Work item:
What is needed here is an exact copy of all the records below.

Input records:
#####

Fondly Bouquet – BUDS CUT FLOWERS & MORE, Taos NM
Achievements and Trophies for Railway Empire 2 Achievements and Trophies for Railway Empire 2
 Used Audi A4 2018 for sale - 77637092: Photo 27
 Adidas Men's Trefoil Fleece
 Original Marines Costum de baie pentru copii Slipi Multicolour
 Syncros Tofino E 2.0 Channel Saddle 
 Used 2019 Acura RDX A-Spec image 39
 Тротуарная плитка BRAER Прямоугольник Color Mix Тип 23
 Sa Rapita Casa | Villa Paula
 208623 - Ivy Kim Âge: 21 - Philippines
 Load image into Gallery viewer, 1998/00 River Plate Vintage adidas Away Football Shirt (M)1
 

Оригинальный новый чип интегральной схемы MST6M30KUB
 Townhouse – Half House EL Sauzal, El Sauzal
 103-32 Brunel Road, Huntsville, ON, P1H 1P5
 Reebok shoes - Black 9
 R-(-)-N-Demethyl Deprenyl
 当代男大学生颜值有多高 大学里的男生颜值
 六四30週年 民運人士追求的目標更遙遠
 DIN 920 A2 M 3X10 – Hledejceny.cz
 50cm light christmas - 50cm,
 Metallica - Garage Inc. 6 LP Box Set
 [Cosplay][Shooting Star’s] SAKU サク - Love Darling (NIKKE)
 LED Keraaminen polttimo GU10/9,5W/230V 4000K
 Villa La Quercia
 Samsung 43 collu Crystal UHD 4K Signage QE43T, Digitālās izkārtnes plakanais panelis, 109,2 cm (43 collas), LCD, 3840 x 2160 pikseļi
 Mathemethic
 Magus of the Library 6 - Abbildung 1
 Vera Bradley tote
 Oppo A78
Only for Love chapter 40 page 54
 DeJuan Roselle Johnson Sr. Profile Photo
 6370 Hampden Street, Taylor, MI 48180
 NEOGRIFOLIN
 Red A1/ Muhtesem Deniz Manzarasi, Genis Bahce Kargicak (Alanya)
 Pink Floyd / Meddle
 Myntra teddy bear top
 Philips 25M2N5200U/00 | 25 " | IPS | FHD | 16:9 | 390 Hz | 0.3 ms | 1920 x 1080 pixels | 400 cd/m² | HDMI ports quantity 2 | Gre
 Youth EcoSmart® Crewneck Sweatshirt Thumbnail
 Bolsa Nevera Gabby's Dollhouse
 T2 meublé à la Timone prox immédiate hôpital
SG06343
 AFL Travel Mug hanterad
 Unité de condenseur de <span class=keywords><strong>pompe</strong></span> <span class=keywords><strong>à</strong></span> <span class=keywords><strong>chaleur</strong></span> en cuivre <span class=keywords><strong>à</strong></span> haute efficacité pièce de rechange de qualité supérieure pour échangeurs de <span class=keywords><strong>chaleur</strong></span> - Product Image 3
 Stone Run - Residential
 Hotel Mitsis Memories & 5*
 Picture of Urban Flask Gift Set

#####

Result for this task:
Fondly Bouquet – BUDS CUT FLOWERS & MORE, Taos NM
Achievements and Trophies for Railway Empire 2 Achievements and Trophies for Railway Empire 2
 Used Audi A4 2018 for sale - 77637092: Photo 27
 Adidas Men's Trefoil Fleece
 Original Marines Costum de baie pentru copii Slipi Multicolour
 Syncros Tofino E 2.0 Channel Saddle 
 Used 2019 Acura RDX A-Spec image 39
 Тротуарная плитка BRAER Прямоугольник Color Mix Тип 23
 Sa Rapita Casa | Villa Paula
 208623 - Ivy Kim Âge: 21 - Philippines
 Load image into Gallery viewer, 1998/00 River Plate Vintage adidas Away Football Shirt (M)1
 

Оригинальный новый чип интегральной схемы MST6M30KUB
 Townhouse – Half House EL Sauzal, El Sauzal
 103-32 Brunel Road, Huntsville, ON, P1H 1P5
 Reebok shoes - Black 9
 R-(-)-N-Demethyl Deprenyl
 当代男大学生颜值有多高 大学里的男生颜值
 六四30週年 民運人士追求的目標更遙遠
 DIN 920 A2 M 3X10 – Hledejceny.cz
 50cm light christmas - 50cm,
 Metallica - Garage Inc. 6 LP Box Set
 [Cosplay][Shooting Star’s] SAKU サク - Love Darling (NIKKE)
 LED Keraaminen polttimo GU10/9,5W/230V 4000K
 Villa La Quercia
 Samsung 43 collu Crystal UHD 4K Signage QE43T, Digitālās izkārtnes plakanais panelis, 109,2 cm (43 collas), LCD, 3840 x 2160 pikseļi
 Mathemethic
 Magus of the Library 6 - Abbildung 1
 Vera Bradley tote
 Oppo A78
Only for Love chapter 40 page 54
 DeJuan Roselle Johnson Sr. Profile Photo
 6370 Hampden Street, Taylor, MI 48180
 NEOGRIFOLIN
 Red A1/ Muhtesem Deniz Manzarasi, Genis Bahce Kargicak (Alanya)
 Pink Floyd / Meddle
 Myntra teddy bear top
 Philips 25M2N5200U/00 | 25 " | IPS | FHD | 16:9 | 390 Hz | 0.3 ms | 1920 x 1080 pixels | 400 cd/m² | HDMI ports quantity 2 | Gre
 Youth EcoSmart® Crewneck Sweatshirt Thumbnail
 Bolsa Nevera Gabby's Dollhouse
 T2 meublé à la Timone prox immédiate hôpital
SG06343
 AFL Travel Mug hanterad
 Unité de condenseur de <span class=keywords><strong>pompe</strong></span> <span class=keywords><strong>à</strong></span> <span class=keywords><strong>chaleur</strong></span> en cuivre <span class=keywords><strong>à</strong></span> haute efficacité pièce de rechange de qualité supérieure pour échangeurs de <span class=keywords><strong>chaleur</strong></span> - Product Image 3
 Stone Run - Residential
 Hotel Mitsis Memories & 5*
 Picture of Urban Flask Gift Set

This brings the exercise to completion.